*** Information ***
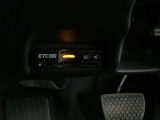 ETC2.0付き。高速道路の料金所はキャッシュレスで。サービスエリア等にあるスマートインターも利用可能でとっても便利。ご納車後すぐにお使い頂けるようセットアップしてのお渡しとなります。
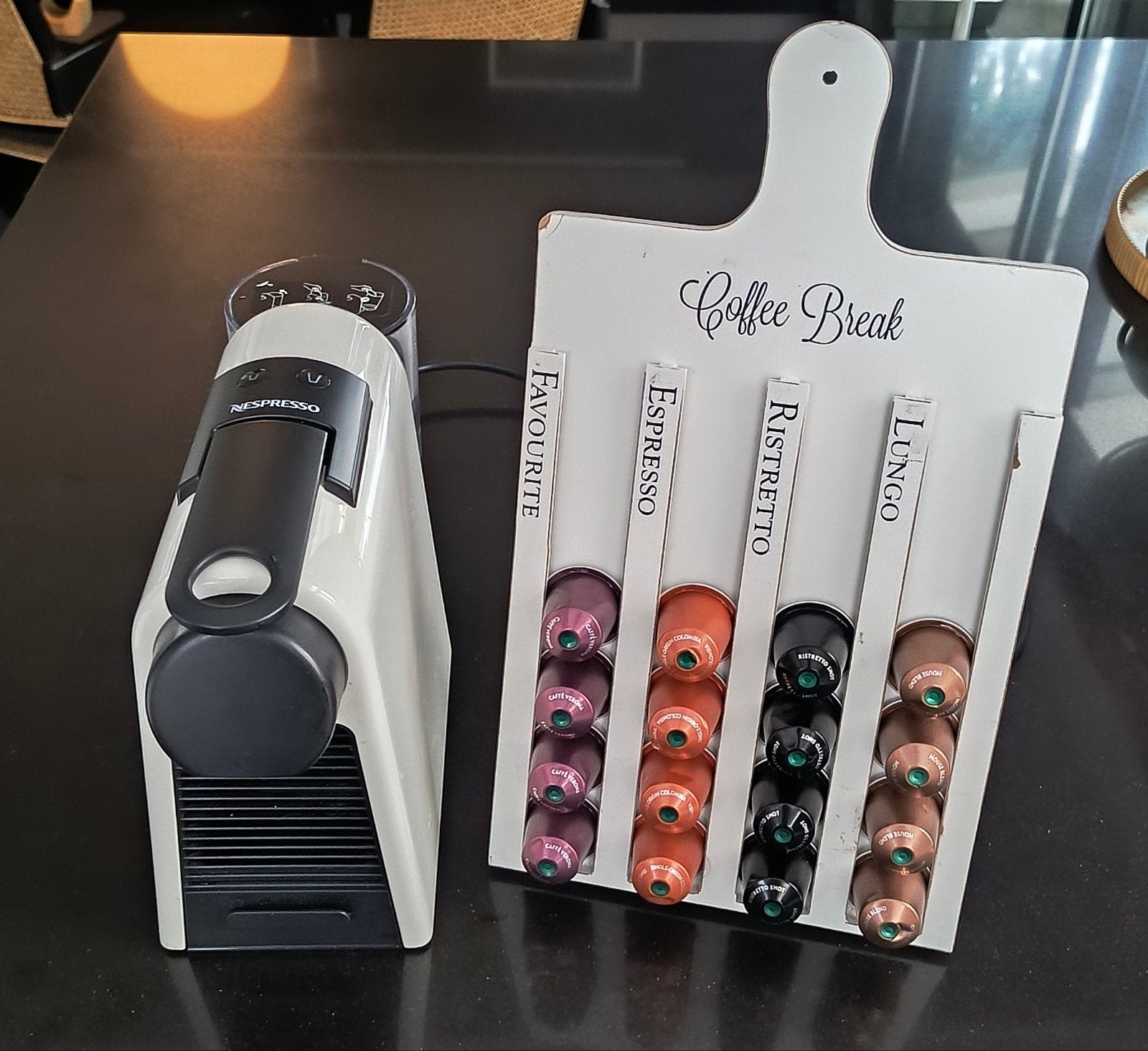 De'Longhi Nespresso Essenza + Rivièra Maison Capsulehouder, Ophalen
*** End of Information ***
*** Information ***
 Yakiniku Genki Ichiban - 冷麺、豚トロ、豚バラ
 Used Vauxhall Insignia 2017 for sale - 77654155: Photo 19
*** End of Information ***
Instructions to follow: Please return the data above exactly as it stands from the line with "ETC2.0付き。高速道路の" to the line with "De'Longhi Nespresso Essenza", keeping both of those lines but none of the pictures.

Answer to this exercise:
 ETC2.0付き。高速道路の料金所はキャッシュレスで。サービスエリア等にあるスマートインターも利用可能でとっても便利。ご納車後すぐにお使い頂けるようセットアップしてのお渡しとなります。
 De'Longhi Nespresso Essenza + Rivièra Maison Capsulehouder, Ophalen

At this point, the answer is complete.